Domestic team information
- 1971–1977: Glamorgan

Career statistics
| Competition | First-class | List A |
| Matches | 5 | 10 |
| Runs scored | 32 | 57 |
| Batting average | 5.33 | 19.00 |
| 100s/50s | 0/0 | 0/0 |
| Top score | 15 | 20* |
| Balls bowled | 558 | 448 |
| Wickets | 7 | 10 |
| Bowling average | 44.85 | 34.70 |
| 5 wickets in innings | 0 | 0 |
| 10 wickets in match | 0 | 0 |
| Best bowling | 3/55 | 3/47 |
| Catches/stumpings | 1/– | 1/– |
- Source: Cricinfo, 18 September 2011

= Stuart Harrison =

Welsh cricketer

Stuart Charles Harrison (born 21 September 1951) is a former Welsh cricketer. Harrison was a right-handed batsman who bowled right-arm fast-medium. He was born in Cwmbran, Monmouthshire.

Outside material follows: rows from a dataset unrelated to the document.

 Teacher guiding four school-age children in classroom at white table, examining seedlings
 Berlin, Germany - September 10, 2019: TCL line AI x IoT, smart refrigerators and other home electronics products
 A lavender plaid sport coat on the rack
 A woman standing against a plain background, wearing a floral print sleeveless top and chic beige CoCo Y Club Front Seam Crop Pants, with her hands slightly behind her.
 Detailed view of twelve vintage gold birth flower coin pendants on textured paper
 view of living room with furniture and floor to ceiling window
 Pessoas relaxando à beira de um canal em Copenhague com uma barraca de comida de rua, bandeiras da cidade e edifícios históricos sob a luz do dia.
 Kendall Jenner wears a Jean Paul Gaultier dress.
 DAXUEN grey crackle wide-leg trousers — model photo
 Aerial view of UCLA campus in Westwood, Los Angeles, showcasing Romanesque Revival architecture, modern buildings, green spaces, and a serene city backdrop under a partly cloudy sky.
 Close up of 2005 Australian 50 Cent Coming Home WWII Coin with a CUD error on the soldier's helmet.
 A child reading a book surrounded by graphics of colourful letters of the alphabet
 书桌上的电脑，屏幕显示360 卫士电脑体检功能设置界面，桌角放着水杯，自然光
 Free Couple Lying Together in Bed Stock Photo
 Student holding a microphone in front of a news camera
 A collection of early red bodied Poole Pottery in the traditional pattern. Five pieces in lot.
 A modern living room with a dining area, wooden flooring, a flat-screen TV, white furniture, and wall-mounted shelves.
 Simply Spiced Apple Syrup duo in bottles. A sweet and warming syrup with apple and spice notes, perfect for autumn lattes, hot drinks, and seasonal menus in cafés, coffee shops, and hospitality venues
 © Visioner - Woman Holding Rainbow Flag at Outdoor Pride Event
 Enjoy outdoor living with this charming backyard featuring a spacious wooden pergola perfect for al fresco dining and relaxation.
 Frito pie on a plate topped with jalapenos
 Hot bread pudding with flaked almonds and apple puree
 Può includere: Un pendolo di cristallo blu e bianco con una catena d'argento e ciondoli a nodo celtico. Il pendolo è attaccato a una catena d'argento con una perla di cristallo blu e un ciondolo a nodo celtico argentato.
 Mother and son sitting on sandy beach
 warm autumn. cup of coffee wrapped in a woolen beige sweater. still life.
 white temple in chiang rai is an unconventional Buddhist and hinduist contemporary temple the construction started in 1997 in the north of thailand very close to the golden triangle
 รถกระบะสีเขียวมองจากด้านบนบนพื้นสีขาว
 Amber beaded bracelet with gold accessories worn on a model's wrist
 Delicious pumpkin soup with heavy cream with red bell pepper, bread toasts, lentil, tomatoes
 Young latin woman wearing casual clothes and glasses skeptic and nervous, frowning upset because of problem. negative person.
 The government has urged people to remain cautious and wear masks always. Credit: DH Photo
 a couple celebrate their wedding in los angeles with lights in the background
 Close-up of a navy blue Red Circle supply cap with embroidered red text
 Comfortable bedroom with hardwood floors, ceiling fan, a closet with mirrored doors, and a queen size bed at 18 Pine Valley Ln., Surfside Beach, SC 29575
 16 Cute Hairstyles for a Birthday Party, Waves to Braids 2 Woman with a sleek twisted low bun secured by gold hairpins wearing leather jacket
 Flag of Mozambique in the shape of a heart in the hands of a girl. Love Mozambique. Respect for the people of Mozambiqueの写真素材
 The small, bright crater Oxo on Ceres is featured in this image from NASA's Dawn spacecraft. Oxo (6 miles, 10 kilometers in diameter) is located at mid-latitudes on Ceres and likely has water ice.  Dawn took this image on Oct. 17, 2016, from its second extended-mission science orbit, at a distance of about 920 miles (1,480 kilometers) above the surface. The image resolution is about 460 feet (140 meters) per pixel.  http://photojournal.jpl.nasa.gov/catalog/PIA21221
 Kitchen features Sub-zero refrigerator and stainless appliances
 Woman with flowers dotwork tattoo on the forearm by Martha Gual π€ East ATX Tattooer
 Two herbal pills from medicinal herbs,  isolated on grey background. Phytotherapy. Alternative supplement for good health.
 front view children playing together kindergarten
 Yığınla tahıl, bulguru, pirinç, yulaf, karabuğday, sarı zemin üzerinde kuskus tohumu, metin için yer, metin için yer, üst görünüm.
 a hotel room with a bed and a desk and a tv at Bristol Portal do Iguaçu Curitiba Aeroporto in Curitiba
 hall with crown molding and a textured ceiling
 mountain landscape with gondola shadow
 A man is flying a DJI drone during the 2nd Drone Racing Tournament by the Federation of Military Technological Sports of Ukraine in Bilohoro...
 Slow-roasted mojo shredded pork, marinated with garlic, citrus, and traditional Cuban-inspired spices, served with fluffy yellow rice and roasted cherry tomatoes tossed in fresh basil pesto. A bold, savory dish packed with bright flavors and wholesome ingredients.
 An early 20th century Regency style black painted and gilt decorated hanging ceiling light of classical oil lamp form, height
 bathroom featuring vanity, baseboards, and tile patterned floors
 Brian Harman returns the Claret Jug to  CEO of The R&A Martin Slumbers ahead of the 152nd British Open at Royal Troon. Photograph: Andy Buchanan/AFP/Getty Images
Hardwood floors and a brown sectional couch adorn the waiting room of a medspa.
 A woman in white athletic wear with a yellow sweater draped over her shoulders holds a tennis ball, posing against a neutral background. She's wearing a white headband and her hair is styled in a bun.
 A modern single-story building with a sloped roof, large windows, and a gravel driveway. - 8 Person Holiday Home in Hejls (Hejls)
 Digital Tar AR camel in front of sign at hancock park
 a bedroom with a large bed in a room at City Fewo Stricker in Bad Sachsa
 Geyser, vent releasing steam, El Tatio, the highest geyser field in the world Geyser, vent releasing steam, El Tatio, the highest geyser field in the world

Harrison made his first-class debut for Glamorgan against Somerset in the 1971 County Championship. He made four further first-class appearances for Glamorgan, the last of which came against Yorkshire in the 1977 County Championship. In his role as a bowler, Harrison took 7 wickets in his five first-class matches, which came at an average of 44.85, with best figures of 3/55. His List A debut came in the 1972 John Player League against Middlesex. He made nine further List A appearances, the last of which came against Middlesex in the 1974 John Player League. In his ten List A matches, he took 10 wickets at an average of 34.70, with best figures of 3/47. With the bat, he scored 57 runs at a batting average of 19.00, with a high score of 20 not out.

While playing for Glamorgan between 1971 and 1974, Harrison was studying at Caerleon College of Education to become a teacher. He subsequently had a successful career as a teacher in Monmouthshire. He has served on the Glamorgan committee. He is the father of David and Adam Harrison, both of whom have played for Glamorgan.